El Gobierno de Brasil emitió este viernes una nota oficial rechazando cualquier interferencia extranjera en sus asuntos internos, tras la decisión de Estados Unidos de designar como organizaciones terroristas al Primeiro Comando da Capital (PCC) y al Comando Vermelho (CV), las dos mayores facciones criminales del país. El texto, difundido por la Presidencia, reafirma que “quienes definen cómo se clasifica y combate el crimen dentro de Brasil son los brasileños” y distingue entre crimen organizado con fines de lucro y terrorismo internacional de motivación ideológica.
Brasil recuerda que “es una nación soberana que ha librado una lucha permanente contra el PCC, el Comando Vermelho y las demás facciones y milicias”, y que enfrentarlas “es y seguirá siendo una prioridad del Estado”. Sin embargo, subraya que el terror que ejercen estas estructuras busca lucro mediante el tráfico de drogas y armas, y “no puede ser confundido con el tipo de acción motivada por razones ideológicas, políticas y religiosas del terrorismo internacional”.
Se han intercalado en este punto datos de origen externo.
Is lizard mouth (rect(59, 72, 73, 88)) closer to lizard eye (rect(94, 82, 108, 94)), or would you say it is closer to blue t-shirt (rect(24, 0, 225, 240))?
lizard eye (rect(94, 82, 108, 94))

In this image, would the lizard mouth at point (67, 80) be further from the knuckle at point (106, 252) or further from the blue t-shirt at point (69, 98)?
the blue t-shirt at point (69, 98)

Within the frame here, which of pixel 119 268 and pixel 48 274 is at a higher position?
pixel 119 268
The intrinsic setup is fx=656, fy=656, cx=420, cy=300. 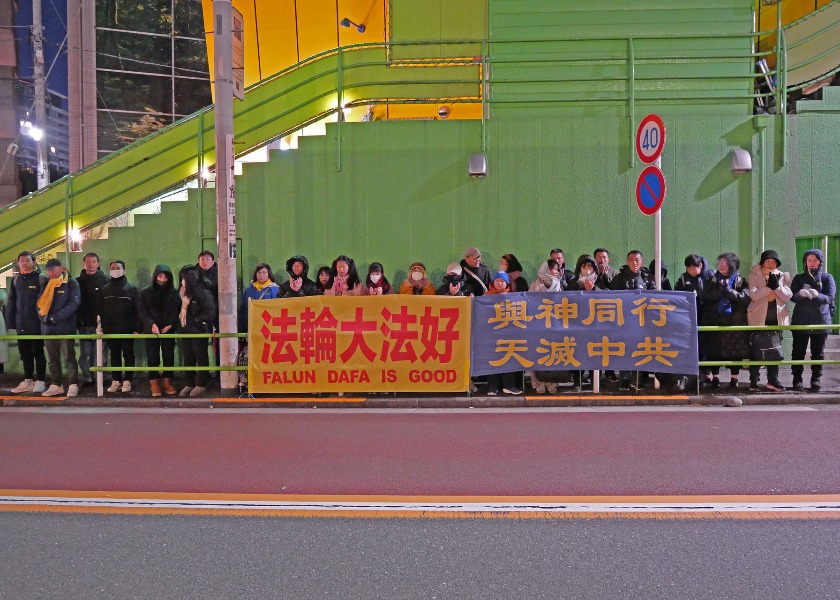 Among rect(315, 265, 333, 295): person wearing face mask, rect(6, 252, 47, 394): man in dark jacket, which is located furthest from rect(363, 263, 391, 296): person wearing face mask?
rect(6, 252, 47, 394): man in dark jacket

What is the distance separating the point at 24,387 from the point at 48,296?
149 centimetres

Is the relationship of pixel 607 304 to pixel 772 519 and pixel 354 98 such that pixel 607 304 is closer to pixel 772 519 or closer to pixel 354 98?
pixel 772 519

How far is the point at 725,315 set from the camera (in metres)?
9.41

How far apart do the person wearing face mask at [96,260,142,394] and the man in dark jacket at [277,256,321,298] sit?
2.22m

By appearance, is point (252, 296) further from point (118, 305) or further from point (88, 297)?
point (88, 297)

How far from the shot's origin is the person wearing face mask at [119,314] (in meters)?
9.89

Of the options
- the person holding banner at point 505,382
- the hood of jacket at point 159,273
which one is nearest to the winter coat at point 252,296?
the hood of jacket at point 159,273

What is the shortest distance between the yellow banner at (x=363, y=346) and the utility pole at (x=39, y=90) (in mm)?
15969

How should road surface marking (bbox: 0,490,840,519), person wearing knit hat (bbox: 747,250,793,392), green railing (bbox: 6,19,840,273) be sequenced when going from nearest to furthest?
road surface marking (bbox: 0,490,840,519)
person wearing knit hat (bbox: 747,250,793,392)
green railing (bbox: 6,19,840,273)

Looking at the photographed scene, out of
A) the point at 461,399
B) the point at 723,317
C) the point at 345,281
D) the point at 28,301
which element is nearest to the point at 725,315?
the point at 723,317

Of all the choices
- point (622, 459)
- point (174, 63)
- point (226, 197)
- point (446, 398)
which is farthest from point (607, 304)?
point (174, 63)

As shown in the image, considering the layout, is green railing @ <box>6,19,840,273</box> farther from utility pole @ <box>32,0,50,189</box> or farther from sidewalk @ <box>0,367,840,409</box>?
utility pole @ <box>32,0,50,189</box>

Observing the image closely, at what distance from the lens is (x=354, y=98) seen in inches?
499

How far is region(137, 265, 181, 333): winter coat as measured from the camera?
977 cm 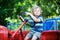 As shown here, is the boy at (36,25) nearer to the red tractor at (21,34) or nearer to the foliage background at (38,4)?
the red tractor at (21,34)

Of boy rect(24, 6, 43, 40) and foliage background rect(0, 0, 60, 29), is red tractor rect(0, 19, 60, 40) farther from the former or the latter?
foliage background rect(0, 0, 60, 29)

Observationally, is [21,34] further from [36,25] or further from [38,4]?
[38,4]

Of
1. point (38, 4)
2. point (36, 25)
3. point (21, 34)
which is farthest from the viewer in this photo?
point (38, 4)

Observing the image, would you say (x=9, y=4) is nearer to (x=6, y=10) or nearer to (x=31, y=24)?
(x=6, y=10)

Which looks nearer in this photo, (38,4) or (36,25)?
(36,25)

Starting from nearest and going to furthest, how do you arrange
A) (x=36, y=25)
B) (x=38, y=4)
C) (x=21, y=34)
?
(x=36, y=25) < (x=21, y=34) < (x=38, y=4)

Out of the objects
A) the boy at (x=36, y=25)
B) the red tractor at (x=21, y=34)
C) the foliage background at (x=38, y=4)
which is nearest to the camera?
the red tractor at (x=21, y=34)

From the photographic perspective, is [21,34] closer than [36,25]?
No

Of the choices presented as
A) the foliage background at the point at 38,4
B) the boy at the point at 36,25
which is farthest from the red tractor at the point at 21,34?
the foliage background at the point at 38,4

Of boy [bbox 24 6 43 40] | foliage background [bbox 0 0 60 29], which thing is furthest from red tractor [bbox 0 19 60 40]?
foliage background [bbox 0 0 60 29]

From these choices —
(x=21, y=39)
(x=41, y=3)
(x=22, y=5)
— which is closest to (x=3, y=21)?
(x=22, y=5)

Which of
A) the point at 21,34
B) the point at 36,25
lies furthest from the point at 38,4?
the point at 36,25

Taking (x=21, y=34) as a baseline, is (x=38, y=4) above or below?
above

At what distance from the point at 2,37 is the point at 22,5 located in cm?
915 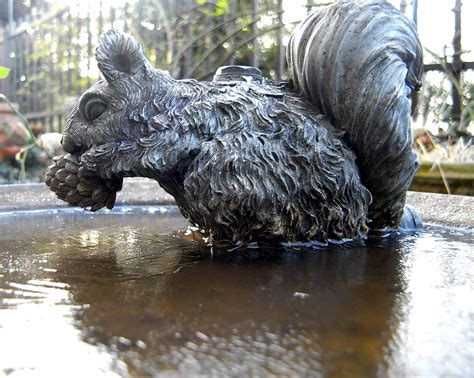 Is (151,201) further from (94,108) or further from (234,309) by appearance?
(234,309)

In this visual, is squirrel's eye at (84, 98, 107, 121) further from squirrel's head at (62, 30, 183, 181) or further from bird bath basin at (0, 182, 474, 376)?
bird bath basin at (0, 182, 474, 376)

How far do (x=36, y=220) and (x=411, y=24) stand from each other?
1252 mm

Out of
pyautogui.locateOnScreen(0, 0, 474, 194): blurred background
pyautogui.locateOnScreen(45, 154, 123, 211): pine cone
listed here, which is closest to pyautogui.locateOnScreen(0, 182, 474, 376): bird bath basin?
pyautogui.locateOnScreen(45, 154, 123, 211): pine cone

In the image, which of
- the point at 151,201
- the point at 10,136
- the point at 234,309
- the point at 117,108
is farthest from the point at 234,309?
the point at 10,136

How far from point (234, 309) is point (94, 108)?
2.17 ft

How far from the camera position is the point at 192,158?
3.76 ft

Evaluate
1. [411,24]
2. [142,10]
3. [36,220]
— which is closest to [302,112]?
[411,24]

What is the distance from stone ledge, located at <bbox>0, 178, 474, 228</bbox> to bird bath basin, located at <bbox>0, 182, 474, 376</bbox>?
0.44 m

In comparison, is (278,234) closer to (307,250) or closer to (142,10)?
(307,250)

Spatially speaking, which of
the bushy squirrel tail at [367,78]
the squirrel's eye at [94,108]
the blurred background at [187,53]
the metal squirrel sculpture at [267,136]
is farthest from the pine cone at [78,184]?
the blurred background at [187,53]

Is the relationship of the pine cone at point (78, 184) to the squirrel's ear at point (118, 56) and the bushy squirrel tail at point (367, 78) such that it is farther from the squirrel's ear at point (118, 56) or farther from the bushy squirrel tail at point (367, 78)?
the bushy squirrel tail at point (367, 78)

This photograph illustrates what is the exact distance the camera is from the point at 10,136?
3.96 metres

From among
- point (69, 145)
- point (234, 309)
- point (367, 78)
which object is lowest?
point (234, 309)

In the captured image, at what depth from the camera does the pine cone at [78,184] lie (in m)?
1.22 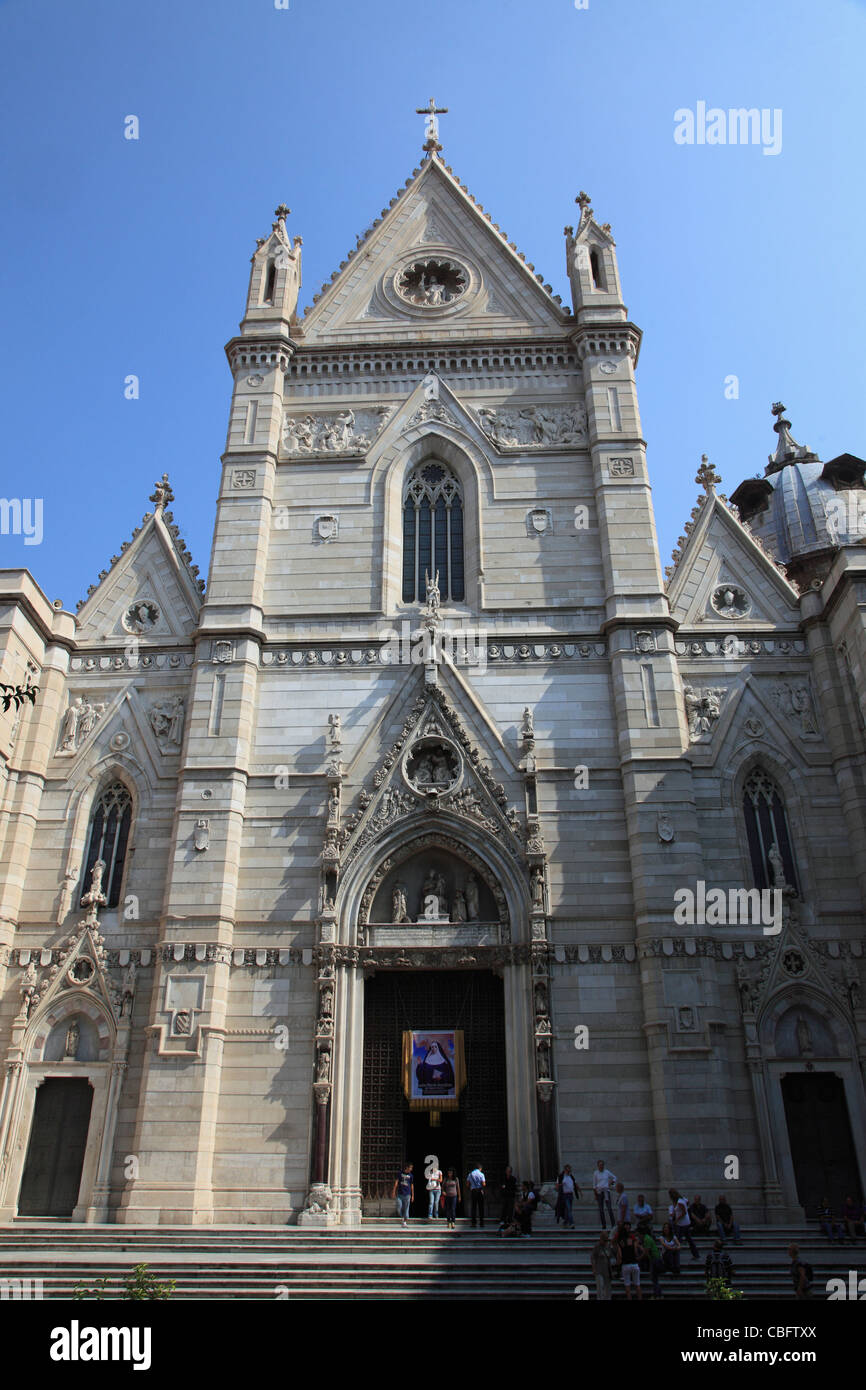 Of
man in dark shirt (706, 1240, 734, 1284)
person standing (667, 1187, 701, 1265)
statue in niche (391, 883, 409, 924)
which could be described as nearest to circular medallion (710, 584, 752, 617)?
statue in niche (391, 883, 409, 924)

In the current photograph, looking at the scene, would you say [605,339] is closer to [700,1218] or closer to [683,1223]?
[700,1218]

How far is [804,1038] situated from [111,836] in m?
14.0

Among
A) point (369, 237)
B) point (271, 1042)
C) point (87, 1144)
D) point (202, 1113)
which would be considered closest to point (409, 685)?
point (271, 1042)

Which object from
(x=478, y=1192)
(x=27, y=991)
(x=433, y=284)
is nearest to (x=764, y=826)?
(x=478, y=1192)

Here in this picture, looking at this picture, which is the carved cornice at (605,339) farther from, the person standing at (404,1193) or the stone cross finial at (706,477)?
the person standing at (404,1193)

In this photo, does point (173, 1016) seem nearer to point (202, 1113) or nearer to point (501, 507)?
point (202, 1113)

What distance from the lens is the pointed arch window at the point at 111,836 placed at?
20.2m

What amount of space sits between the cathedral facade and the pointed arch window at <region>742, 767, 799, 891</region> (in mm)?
74

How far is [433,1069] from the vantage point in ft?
60.4

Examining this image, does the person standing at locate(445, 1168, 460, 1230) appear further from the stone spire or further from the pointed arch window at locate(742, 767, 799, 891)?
the stone spire

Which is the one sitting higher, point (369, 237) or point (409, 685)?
point (369, 237)

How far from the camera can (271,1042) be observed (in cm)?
1830

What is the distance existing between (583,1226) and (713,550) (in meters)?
14.4

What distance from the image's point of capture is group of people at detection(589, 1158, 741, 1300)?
11.8 m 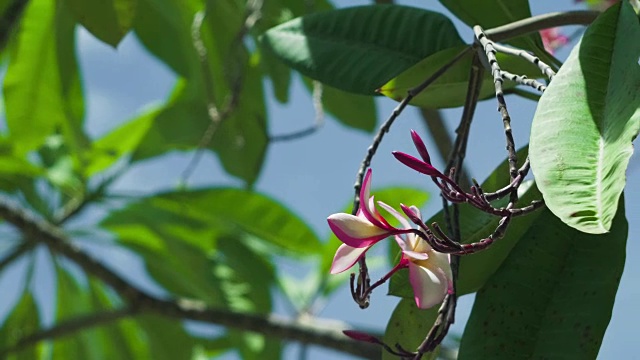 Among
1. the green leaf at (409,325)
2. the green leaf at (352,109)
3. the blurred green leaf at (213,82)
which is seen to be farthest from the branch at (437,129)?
the green leaf at (409,325)

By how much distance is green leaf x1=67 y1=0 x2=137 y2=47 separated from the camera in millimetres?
918

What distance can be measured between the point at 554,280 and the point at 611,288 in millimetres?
35

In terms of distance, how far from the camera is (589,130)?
1.27ft

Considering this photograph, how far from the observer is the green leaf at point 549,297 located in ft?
1.68

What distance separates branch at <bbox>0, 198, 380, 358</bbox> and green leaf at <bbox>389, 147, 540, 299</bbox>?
0.60 m

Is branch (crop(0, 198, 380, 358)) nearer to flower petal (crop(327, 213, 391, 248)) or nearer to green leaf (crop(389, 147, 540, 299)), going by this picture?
green leaf (crop(389, 147, 540, 299))

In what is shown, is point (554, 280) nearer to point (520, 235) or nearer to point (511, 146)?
point (520, 235)

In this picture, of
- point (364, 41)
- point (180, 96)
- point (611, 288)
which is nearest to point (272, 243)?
point (180, 96)

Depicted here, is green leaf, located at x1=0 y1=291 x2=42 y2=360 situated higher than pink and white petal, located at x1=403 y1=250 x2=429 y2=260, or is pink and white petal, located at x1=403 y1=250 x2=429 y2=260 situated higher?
pink and white petal, located at x1=403 y1=250 x2=429 y2=260

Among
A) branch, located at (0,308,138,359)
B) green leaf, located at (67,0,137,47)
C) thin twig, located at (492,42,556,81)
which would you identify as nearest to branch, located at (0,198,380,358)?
branch, located at (0,308,138,359)

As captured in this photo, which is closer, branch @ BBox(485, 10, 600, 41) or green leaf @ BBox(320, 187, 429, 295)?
branch @ BBox(485, 10, 600, 41)

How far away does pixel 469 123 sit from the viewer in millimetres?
537

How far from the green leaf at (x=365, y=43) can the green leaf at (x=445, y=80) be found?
0.08ft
La nota advierte que “la seguridad de nuestra población es demasiado importante para ser manipulada políticamente por traidores” y critica que integrantes de la familia Bolsonaro hayan viajado a Washington para “defender una intervención extranjera en Brasil, como ya hicieron en el tarifaço”.
En materia de cooperación, Brasil destaca que recientemente aprobó una ley con penas de hasta 80 años de prisión para facciones y milicias —la mayor de su legislación— y que el 16 de abril presentó a EEUU una propuesta de inteligencia conjunta para combatir el lavado de dinero y el tráfico de armas. “Cualquier colaboración internacional será bienvenida”, afirma el documento, “pero no aceptaremos medidas arbitrarias provenientes del extranjero como pretexto para atacar nuestra soberanía y nuestra economía”.
El Gobierno de Lula alerta que acciones unilaterales pueden debilitar el combate al crimen, reducir el intercambio de información policial, poner en riesgo la vida de personas ajenas al delito y afectar innovaciones financieras nacionales como el PIX. “En resumen, se trata de un posible retroceso en el combate al crimen, riesgo a la vida y perjuicios económicos al país”, concluye.
La nota cierra con una afirmación categórica: “La soberanía nacional es innegociable. Brasil rechaza cualquier forma de interferencia externa en sus asuntos internos”. Con esta respuesta, Brasilia marca distancia frente a la política de seguridad de la administración estadounidense, al tiempo que abre la puerta a una cooperación técnica basada en el respeto mutuo.